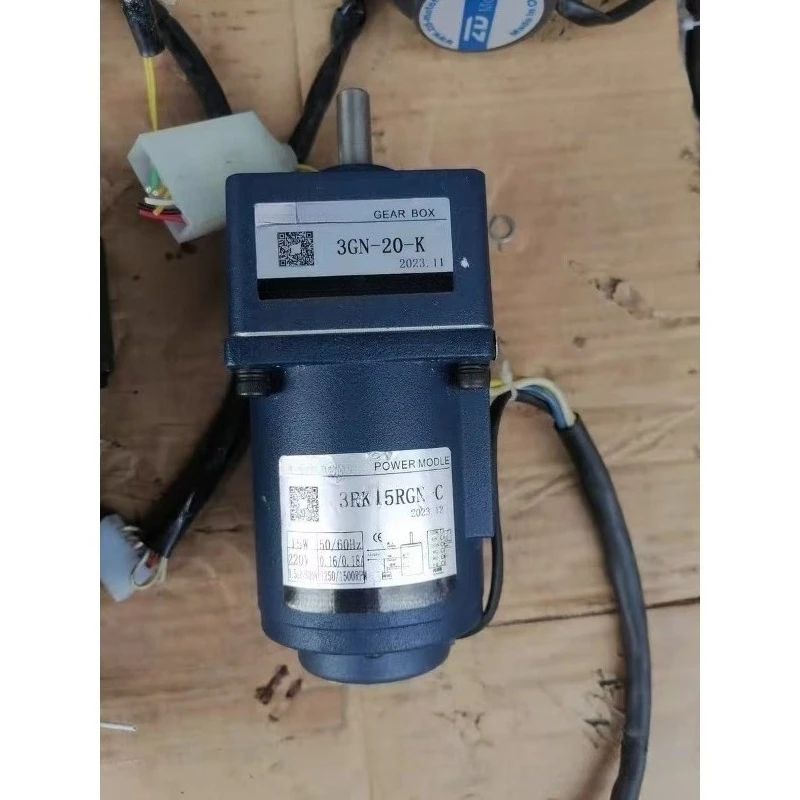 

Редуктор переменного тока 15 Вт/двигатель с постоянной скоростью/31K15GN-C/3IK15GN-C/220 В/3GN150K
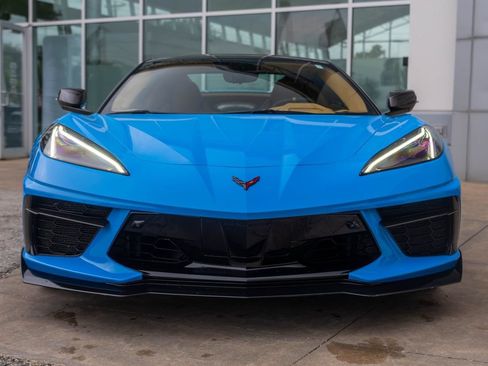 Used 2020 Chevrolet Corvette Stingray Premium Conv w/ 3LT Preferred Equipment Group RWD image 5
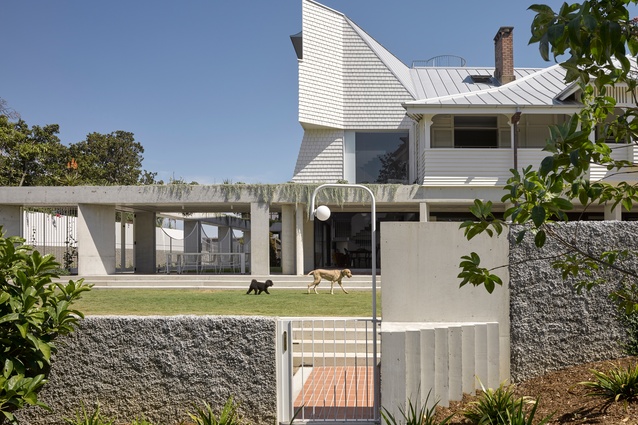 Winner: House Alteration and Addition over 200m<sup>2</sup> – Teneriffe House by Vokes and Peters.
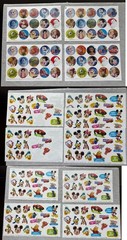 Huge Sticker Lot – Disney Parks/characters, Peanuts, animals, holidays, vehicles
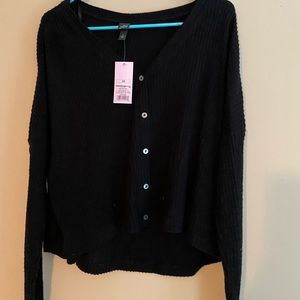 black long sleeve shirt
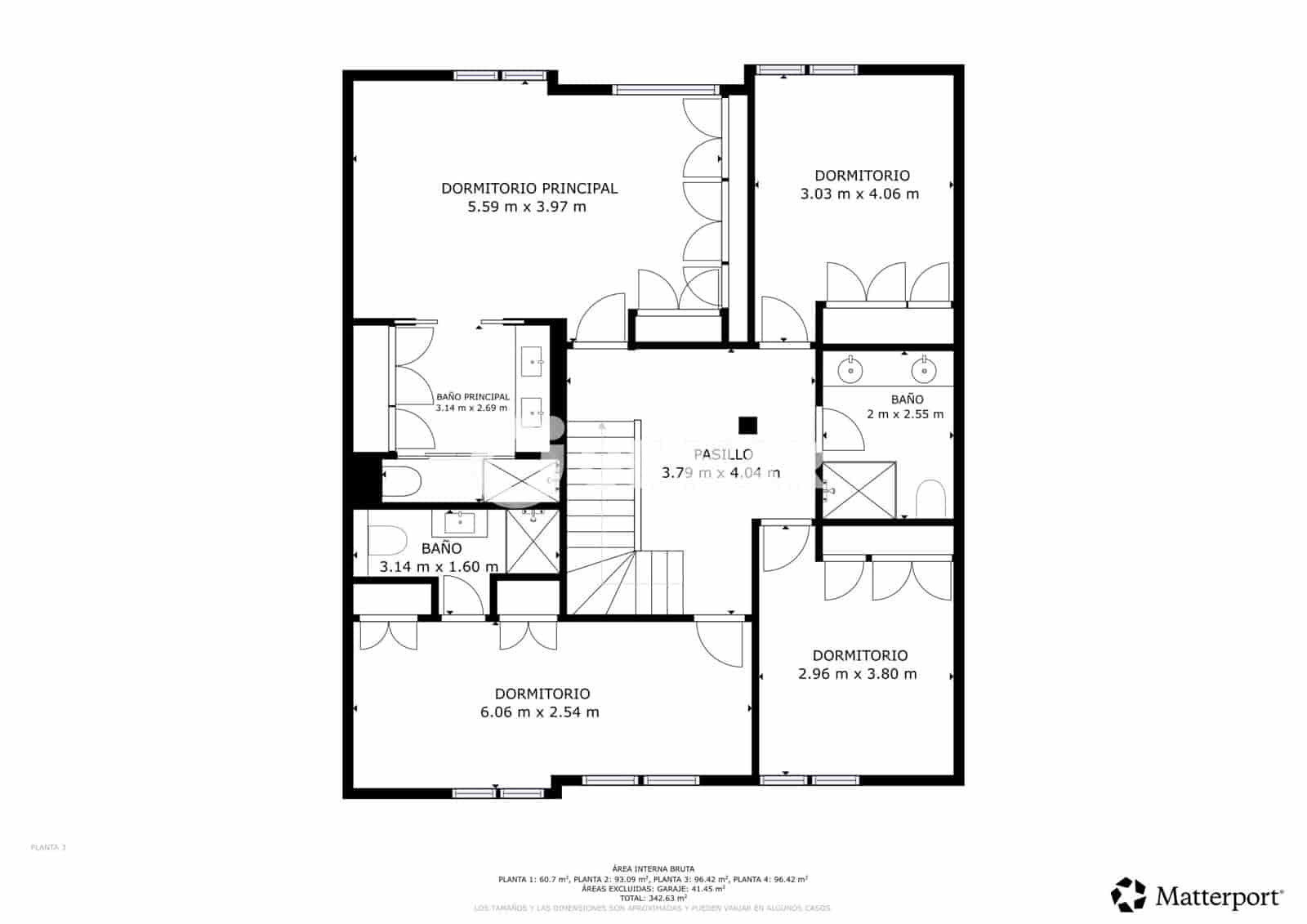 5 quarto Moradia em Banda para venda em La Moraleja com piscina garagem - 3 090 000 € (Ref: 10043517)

# # # #

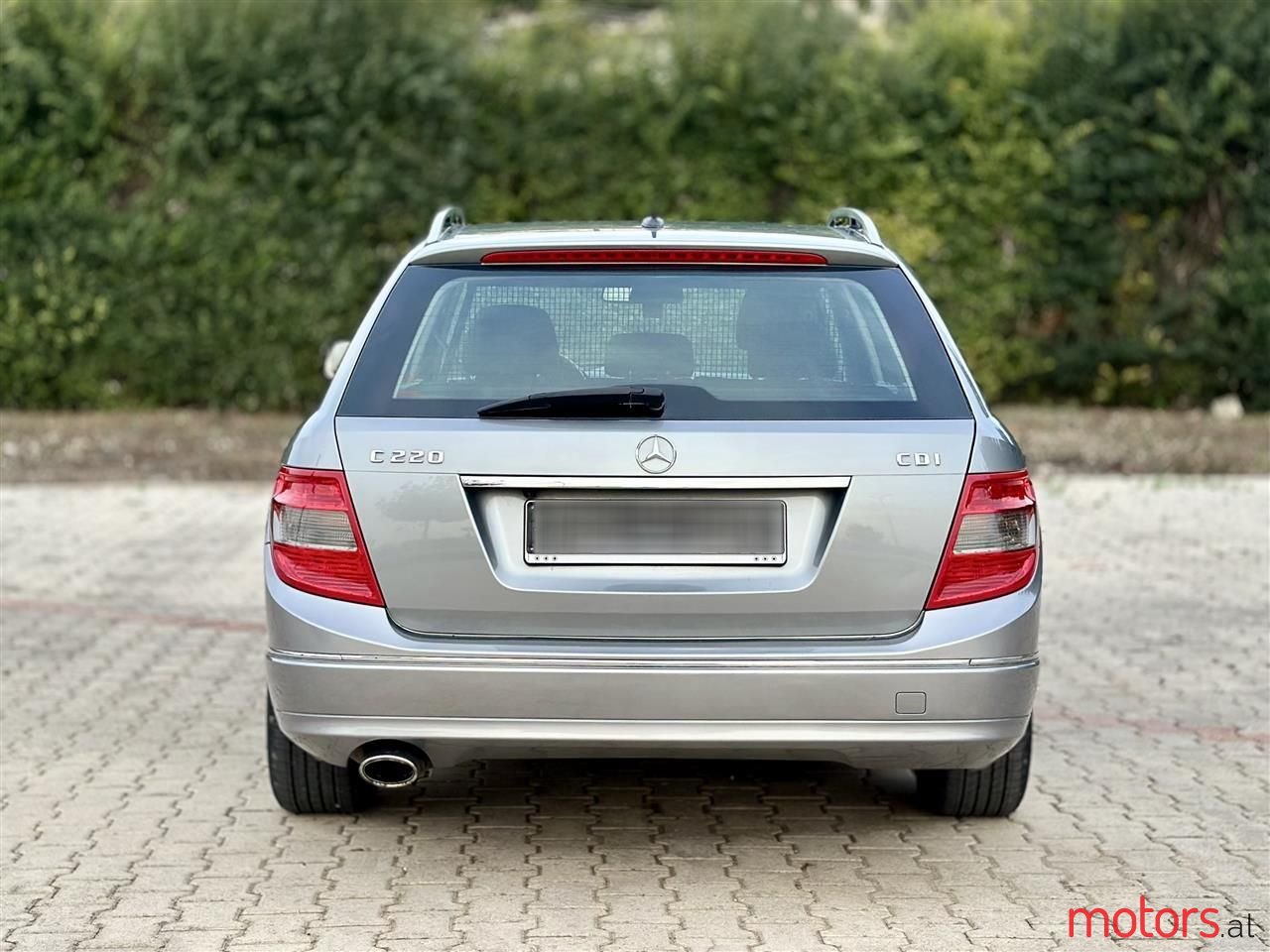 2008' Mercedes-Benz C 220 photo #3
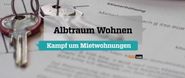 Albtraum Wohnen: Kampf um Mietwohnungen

# # # #

→ Exercise
In the listing above, find the line with "Редуктор переменного тока" and the line with "5 quarto Moradia". Copy both of them and every line between, exactly, but not the pictures.

→ Solution to the problem
Редуктор переменного тока 15 Вт/двигатель с постоянной скоростью/31K15GN-C/3IK15GN-C/220 В/3GN150K
 Used 2020 Chevrolet Corvette Stingray Premium Conv w/ 3LT Preferred Equipment Group RWD image 5
 Winner: House Alteration and Addition over 200m<sup>2</sup> – Teneriffe House by Vokes and Peters.
 Huge Sticker Lot – Disney Parks/characters, Peanuts, animals, holidays, vehicles
 black long sleeve shirt
 5 quarto Moradia em Banda para venda em La Moraleja com piscina garagem - 3 090 000 € (Ref: 10043517)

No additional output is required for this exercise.